Here are the little things that led me to the above conclusion:
I had Sr. Charlotte Francis for home room in the third grade. One day she gave our class an assignment to write a "make believe" story. A couple days later she selected five or six of my fellow students and me to read our stories to the kids in the next classrom down the hall. I wrote something about a "TV doctor" who made house calls to change tubes inside of televisions to make them feel better.
I was in the fourth or fifth grade when I learned that my friend Lawrence subscribed to Catholic Boy magazine. So I asked my mom to get me a subscription, too. The publication had a monthly writing contest. I submitted something about Babe Ruth and how my dad had told me stories about his hitting prowess. (Which was a total fabrication.) I won an "honorable mention," and the magazine, headquartered at the University of Notre Dame, sent me a check for $5.
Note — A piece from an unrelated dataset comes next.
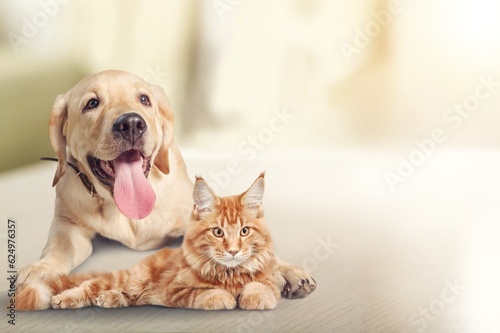 Cute smart domestic dog and cat pets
In the sixth grade I had Sr. Jean Charles for homeroom. She gave the class an assignment to write an essay describing a character from a book, such that the reader was supposed to guess the character based on the written description. So I read a 96-page abridged version of Tom Sawyer by Mark Twain and completed the writing assignment. After about a week, Sister said she was disappointed in the overall writing effort of the class. Except for one paper. "Leonard, come up to the lectern and read your essay to the class." That was, perhaps, the biggest shock of my young life.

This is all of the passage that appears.